On March 17th, 2021, Zuora announced the launch of Zuora Collect AI as an addition to its suite of subscription management applications. As a research firm focused on the practical use of AI in the enterprise and a firm that provides guidance on subscription finance, expense management, invoice processing, and business model management, we explored this announcement to consider what aspects of artificial intelligence have been brought into this product and the business value that can be expected from this launch.
Zuora Collect AI is focused on the value of payment processing and collections. This application analyzes a variety of transaction characteristics to discover top drivers that affect payment and revenue recognition. These characteristics include payment methods such as the bank, credit card, or payment gateway involved as well as client characteristics such as the region, payment value, and history of payment success.
Rather than simply treat all customers as a single payment cohort under the same calendar for all payment processing activities, Zuora Collect AI allows for greater granularity of payment pursuit, transaction channels, and recovery tactics. As a result, Zuora customers can be expected to reduce the dunning rates and delinquent payment status while providing a more efficient dunning process for late payers. In addition, Zuora Collect AI collects data daily from a variety of payment gateways and payment methods to continue updating parameters associated with payment success over time.
This use case is a strong value proposition for machine learning in that it combines the volume of billions of transactions across hundreds of currencies and regions and uses this information to solve a million dollar problem for enterprises. Zuora’s use case fits into the framework for practical, high-value AI that Amalgam Insights has advocated for years.
To elaborate on how this is a scalable issue, consider that Amalgam Insights estimates that the average subscription revenue company faces revenue leakage of 2% when using a billing system and will only recover 40 – 50% of that revenue over time. With better tuned and scheduled payment processes, organizations could gain an extra 10 – 20% in revenue recovery.
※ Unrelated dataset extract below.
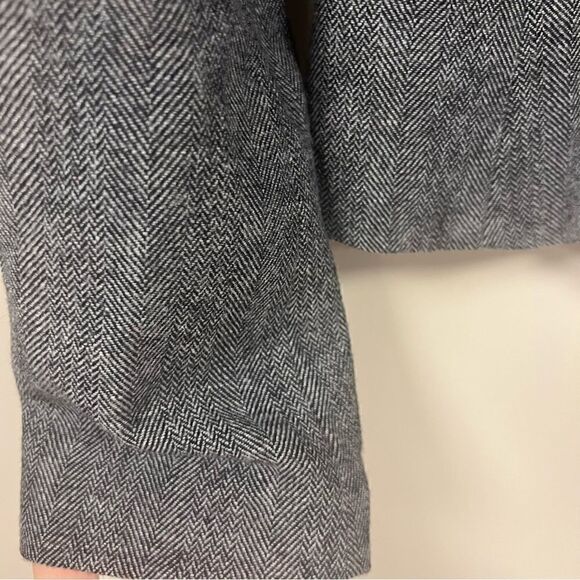 Banana Republic wool blend herringbone blazer sz8 - Picture 3 of 7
This difference would have equated to a 5% – 10% percent increase in net profit in 2020 for the average non-financial services firm that registered a 4% net margin in 2020.
In Zuora’s public-facing documentation, they have documented three organizations (Whitepages, RankingCoach, and Motortrend Group) with results ranging from 10 – 18% increases in payment recovery through the use of Zuora Collect AI compared to manual payment retries and an umbrella policy for retrying payments within collections dunning cohorts.
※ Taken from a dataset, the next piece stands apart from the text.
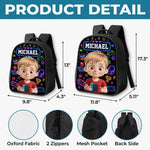 Custom Kids Front Printed Backpack - Personalized Back To School Gifts For Kids - Ready To Discover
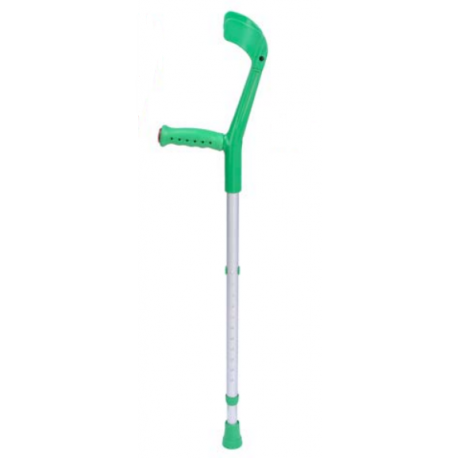 Canadiana de haste integral com aro articulado e punho macio verde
Although this type of payment analysis could theoretically be done by an on-site data scientist, Amalgam Insights notes that one of the key challenges with expense and payment optimization is the changing nature of the data as new payment types, schedules, quantities, and patterns emerge. Because of these changes, transactional optimization is not served well by creating a one-time model to find optimal payment processing times and patterns for each customer and payment type. At volume, it requires ongoing data intake and monitoring to maintain the efficacy that maximizes revenue optimization which is better served through treating revenue optimization as an ongoing process and service rather than a one-time audit and model creation.
Based on this announcement, Amalgam Insights makes the following recommendation for subscription and usage revenue-based organizations:
First, pursue the use of machine learning to support revenue recovery.
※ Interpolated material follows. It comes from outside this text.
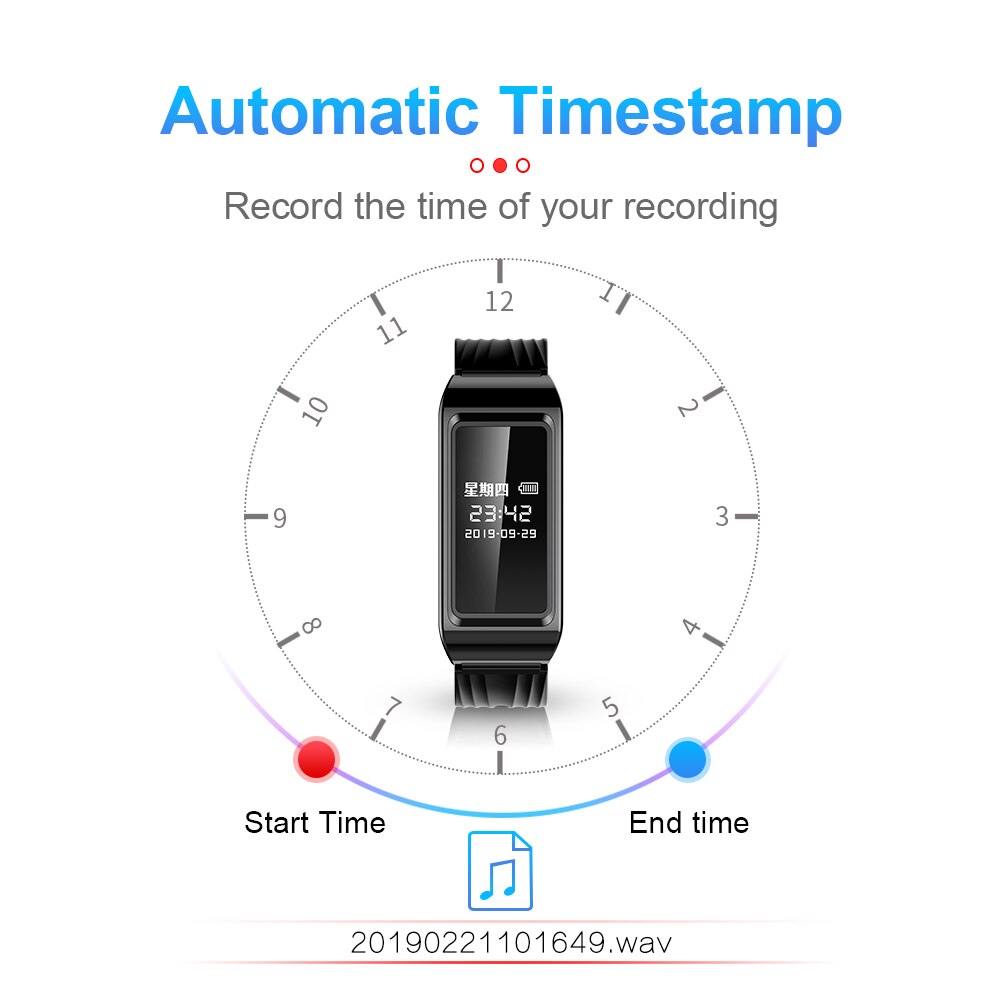 1080P inteligentny zegarek z kamerą mini aparat cyfrowy HD wideo mini kamera sport rejestrator biznes nadgarstek 128G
This one activity has the potential to increase your net profit margin by 10% or more even if your organization already has a mature dunning process for subscription customers.
Second, invest in the ongoing maintenance and updating of these models.
To maintain these gains over time, your organization will need to invest in daily data processing and ongoing model optimization to ensure that your payment collection schedules and processes keep up with ongoing trends. Otherwise, Amalgam Insights estimates that the models created will lose their value within 18-24 months and leave the organization back at a point where significant revenue is being unnecessarily lost due to poor dunning and payment processing schedules.
The big takeaway here is that machine learning continues to be brought into the business world to solve the highly transactional analyses that are too time-consuming to be solved through manual analysis or even through traditional data analysis tools. Take advantage of the increasing availability of productized AI and the data associated with digital payments to solve operational issues with million-dollar payback potential.